[email protected] wrote:
> I found that my initial accuracy was way off. I need to set on
> 800(80%) to make it accurate. Polar says most people have an initial
> accuracy around 97%.
> I am curious on what other people encountered with the 625x?
>
> Also, wonder why mine was so far off?
>
> Thanks for any respones.
>
I have used my 625 uncalibrated while running on hard-packed snow (not
too different from dirt) on trails. In a couple months when I can run on
gravel along a section-line road, I'll be able to calibrate it - unless
I'm afraid of messing it up. (it arrived during 1st snow). Even my
initial runs in snowy, slippery slop looked like they were within 10%.

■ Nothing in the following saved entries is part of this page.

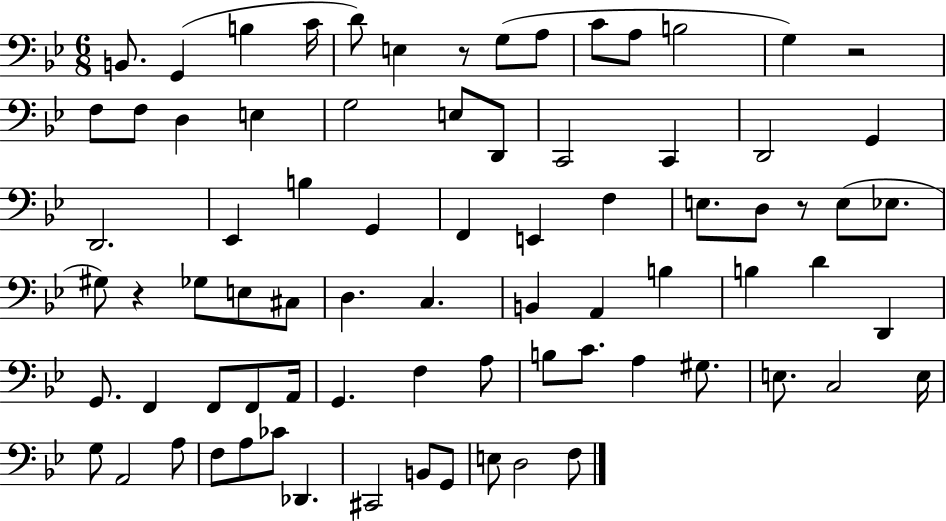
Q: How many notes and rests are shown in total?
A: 78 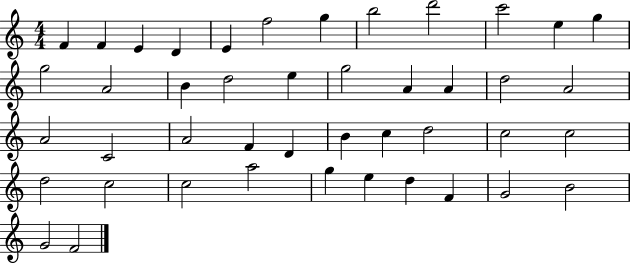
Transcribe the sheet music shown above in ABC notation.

X:1
T:Untitled
M:4/4
L:1/4
K:C
F F E D E f2 g b2 d'2 c'2 e g g2 A2 B d2 e g2 A A d2 A2 A2 C2 A2 F D B c d2 c2 c2 d2 c2 c2 a2 g e d F G2 B2 G2 F2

But my experience (see details below) is consistent with it being 97%
accurate on simple terrain with no calibration.
Did you run a known distance uncalibrated to see now close it was before
you tried to calibrate? How repeatable were your measurements -
uncalibrated, calibrated? That is, did you get random numbers when
running the same route or were the numbers similar? Did you try just
running with it without going into calibration mode?
Is it firmly anchored on your shoestrings? I was initially using mine on
one pair of shoes with nylon laces and it fit really snugly. I'm now
using it on shoe with cotton laces (otherwise, same model) (laces are
there from an experiment and need to replace them with the nylon, but
haven't gotten around to it yet). Since the cotton seems to flatten as
it's tightened, it doesn't hold the footpod as snugly.
Do you have a short foot that the flexion might be affecting the pod's
position? Are there unit inconsistencies - ft, m, km, mi - although I'm
having trouble finding where 80% might work in there. Just pulling at
straws.
(I just snipped this from end of recent post on hrm recommendations)
For simple terrain, it seems to be within about 3% of my best
guesstimate of overall distance - out of the box. For some trails, I've
had either a map with "measured" (not sure exact methods, but reported
in 1-m increments) distances between intersections or some mile posts
(clueless as to accuracy but they're at start of Iditarod Trail). For
other trails I may just have a route on map or a gps distance. At any
rate, for most conditions for total distance, values are within about 3%
of each other most of the time - occasionally out to 5%, many times
within 0-1% of alternate best guess. I've found it really handy for the
ice we've had the last few weeks when I've just been running laps up and
back in a mowed hay field (grass covers ice) - distances on each lap
were reasonably repeatable, given I may not have been running exactly
the same place. I also ended up with a little bushwhacking in a
snowstorm (don't ask) with it the other evening, with reasonable
results. Its distance estimates are close enough to any other estimate
that I have, that I just use it now for running.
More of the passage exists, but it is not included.